The Full Rewrite Anti-Pattern in Data Lakes

Your pipeline appends 50 GB of new data. It still rewrites 5 TB every run.

That is the full rewrite anti-pattern.

It usually looks respectable on the surface: fetch a delta, create a replacement table by unioning history with the delta, drop the old table, rename the new table. The job calls itself incremental because the input was incremental.

The output is not incremental. The output photocopies the table.

Why it feels attractive

The rename dance is easy to reason about. You can inspect a complete table before replacing the old one. You avoid thinking about deletes, partition replacement, and idempotency. The code is often simple enough to survive for years.

That is exactly why it is dangerous.

The cost model is hidden inside the write path. A small logical change produces a full physical rewrite. S3 fills with old files. Snapshot history grows. Compute spends most of its time rewriting rows that did not change.

The number to check

Look at write bytes per run versus total table size.

If they are close, your incremental pipeline is probably lying.

The delta size is not the number that matters. The number that matters is what the platform actually writes.

Better patterns

For partitioned data, use partition-level replacement where possible.

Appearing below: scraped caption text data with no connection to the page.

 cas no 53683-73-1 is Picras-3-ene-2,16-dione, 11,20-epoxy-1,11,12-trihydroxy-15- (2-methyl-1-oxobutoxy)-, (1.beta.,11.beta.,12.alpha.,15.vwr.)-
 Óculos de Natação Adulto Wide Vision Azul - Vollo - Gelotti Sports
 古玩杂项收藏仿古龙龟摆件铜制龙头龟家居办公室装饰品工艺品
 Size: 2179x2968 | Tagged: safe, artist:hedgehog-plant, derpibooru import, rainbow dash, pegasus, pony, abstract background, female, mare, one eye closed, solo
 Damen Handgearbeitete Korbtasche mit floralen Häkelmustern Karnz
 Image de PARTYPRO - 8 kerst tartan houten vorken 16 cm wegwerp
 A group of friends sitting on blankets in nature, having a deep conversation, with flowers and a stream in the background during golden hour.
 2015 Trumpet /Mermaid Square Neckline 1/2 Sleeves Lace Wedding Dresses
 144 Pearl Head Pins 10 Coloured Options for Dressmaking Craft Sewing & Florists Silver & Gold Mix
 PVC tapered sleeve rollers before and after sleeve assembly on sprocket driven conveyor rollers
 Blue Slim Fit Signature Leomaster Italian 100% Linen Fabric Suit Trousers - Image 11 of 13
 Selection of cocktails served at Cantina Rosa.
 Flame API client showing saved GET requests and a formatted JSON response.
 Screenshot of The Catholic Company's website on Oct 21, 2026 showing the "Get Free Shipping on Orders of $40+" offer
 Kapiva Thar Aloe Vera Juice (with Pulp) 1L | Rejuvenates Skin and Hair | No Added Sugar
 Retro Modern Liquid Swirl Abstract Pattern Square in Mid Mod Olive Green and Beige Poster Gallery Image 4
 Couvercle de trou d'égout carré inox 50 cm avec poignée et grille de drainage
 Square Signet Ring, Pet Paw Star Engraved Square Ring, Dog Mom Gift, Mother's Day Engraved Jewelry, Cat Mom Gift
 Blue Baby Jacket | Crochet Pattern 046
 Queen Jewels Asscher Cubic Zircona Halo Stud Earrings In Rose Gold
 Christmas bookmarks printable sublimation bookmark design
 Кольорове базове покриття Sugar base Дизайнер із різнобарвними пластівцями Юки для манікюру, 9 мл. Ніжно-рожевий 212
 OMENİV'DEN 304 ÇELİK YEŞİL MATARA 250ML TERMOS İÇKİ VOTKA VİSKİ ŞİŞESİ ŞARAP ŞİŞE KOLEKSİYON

With Spark and Iceberg, dynamic overwrite can replace the affected partitions in one atomic commit. For engines that do not support that shape cleanly, a delete plus insert can still be better than a full rewrite, but it needs idempotency and failure handling.

The right design depends on table shape, engine support, and failure semantics. The wrong design is approving a 5 TB rewrite because the code path was easy.

Review checklist

Before approving a rewrite, ask:

What fraction of the table actually changes?
Does write volume shrink when the delta shrinks?
What files become unreachable after each run?
Can the job fail between delete and insert?
Is compaction cleaning up a real problem or masking the bad write pattern?

Full rewrites are sometimes justified. Backfills, schema corrections, and physical layout changes can need them.

But if the pipeline rewrites the lake every night because nobody modeled the update, that is not architecture. That is a recurring invoice.